[Scraped caption text data]
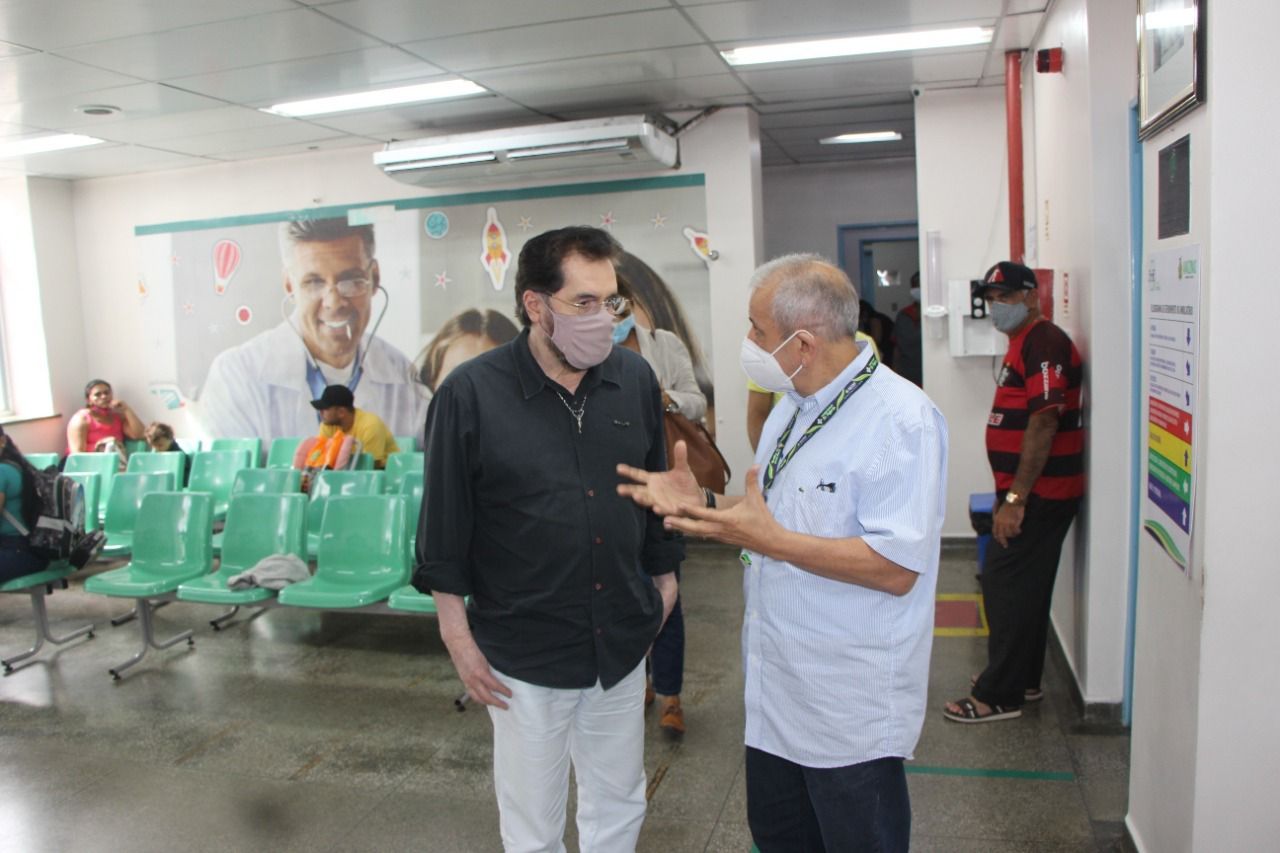 Plínio Valério visita hospital infantil de Manaus e garante investimentos na saúde
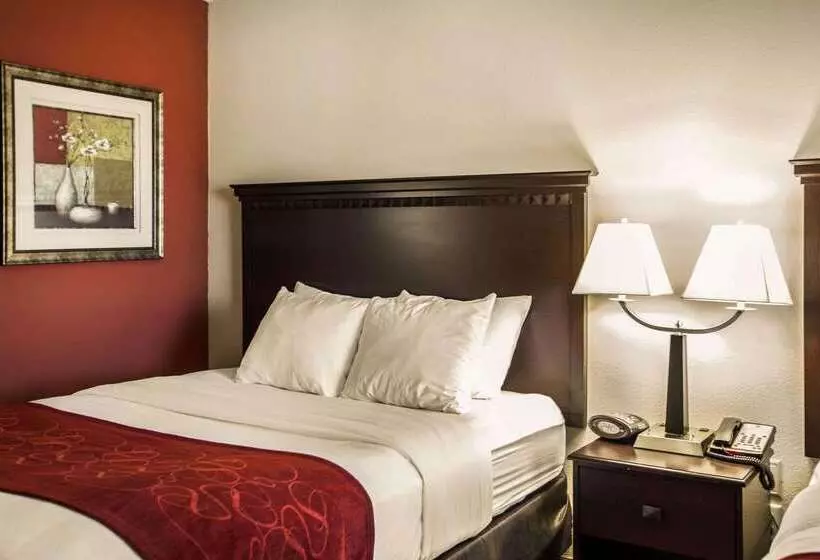 ホテル Comfort Suites Bloomington I55 And I74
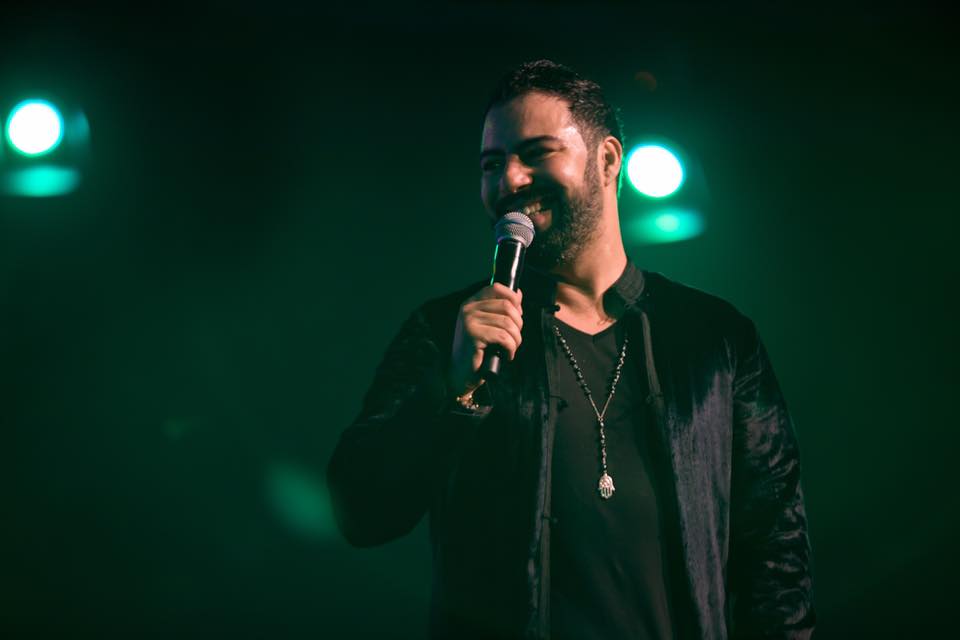 بعد لمجرد.. محمد رضا يحضر هدية للملك في عيد ميلاده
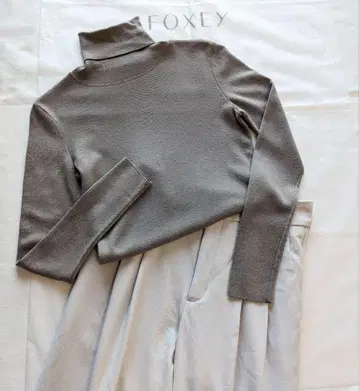 FOXEY 그레이지 터틀넥 스웨터 M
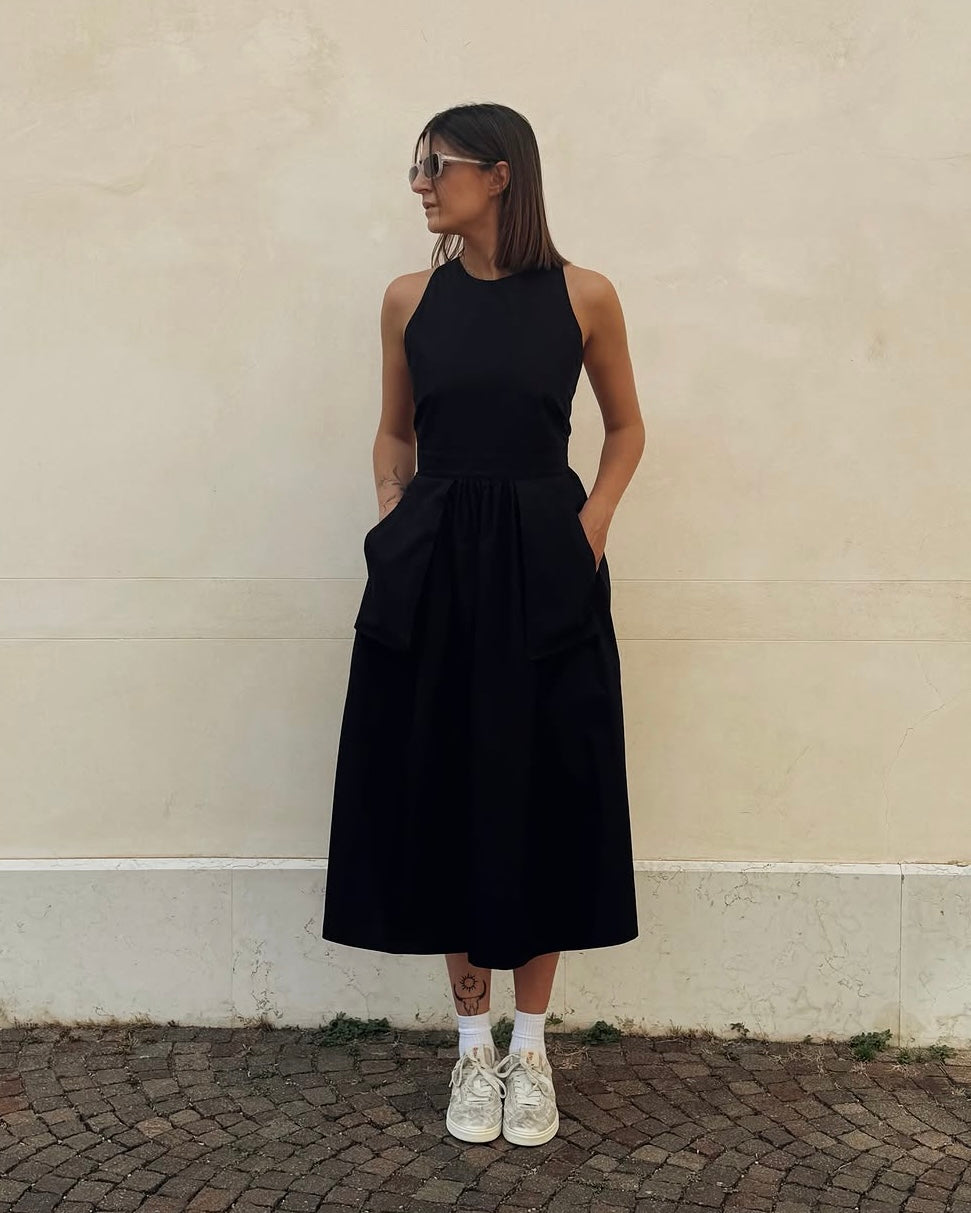 Vestito lacci e tasconi nero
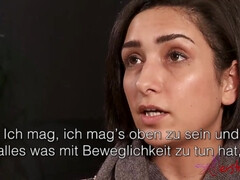 Grote kont, Grote mammen, Bruinharig, Erotisch, Rijpe lesbienne, Moeder die ik wil neuken, Tiener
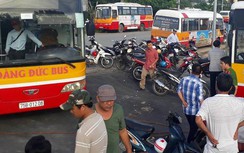 Huế: Lái xe "vây" trụ sở xe buýt, nộp hồ sơ khởi kiện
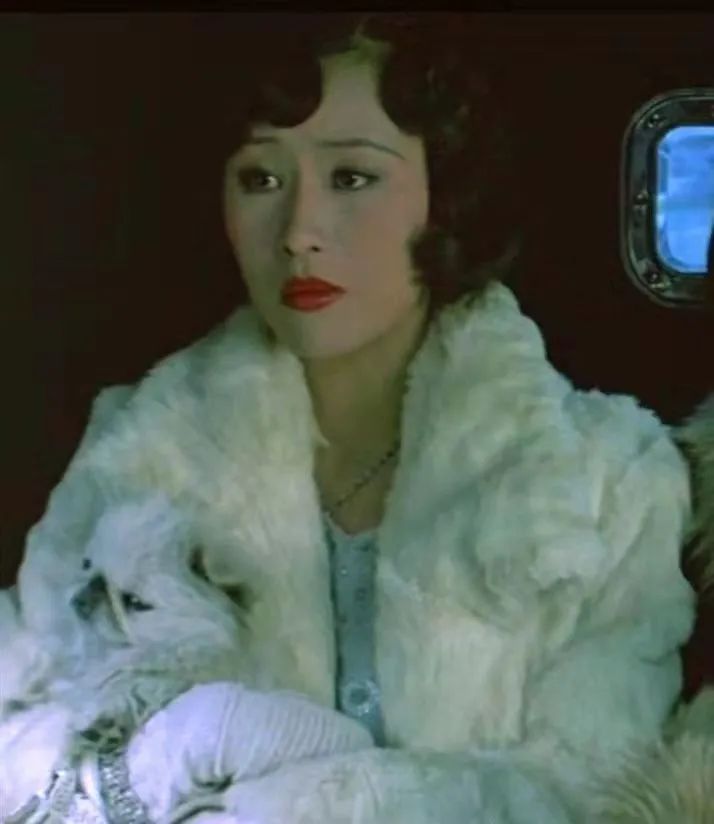 鄔君梅拍攝《末代皇帝溥儀》時，曾與坂本相戀。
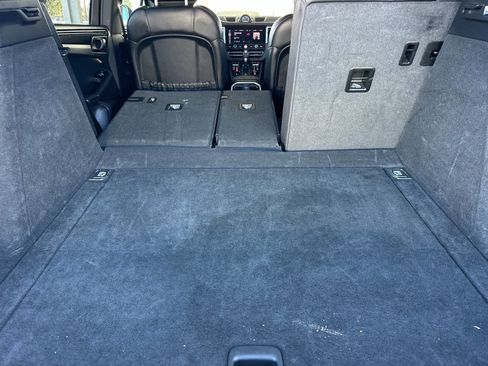 Used 2024 Porsche Macan image 14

> [Exercise directions] Your answer must restate the entries word for word and contain no pictures.

> [Task output]
 Plínio Valério visita hospital infantil de Manaus e garante investimentos na saúde
 ホテル Comfort Suites Bloomington I55 And I74
 بعد لمجرد.. محمد رضا يحضر هدية للملك في عيد ميلاده
 FOXEY 그레이지 터틀넥 스웨터 M
 Vestito lacci e tasconi nero
 Grote kont, Grote mammen, Bruinharig, Erotisch, Rijpe lesbienne, Moeder die ik wil neuken, Tiener
 Huế: Lái xe "vây" trụ sở xe buýt, nộp hồ sơ khởi kiện
 鄔君梅拍攝《末代皇帝溥儀》時，曾與坂本相戀。
 Used 2024 Porsche Macan image 14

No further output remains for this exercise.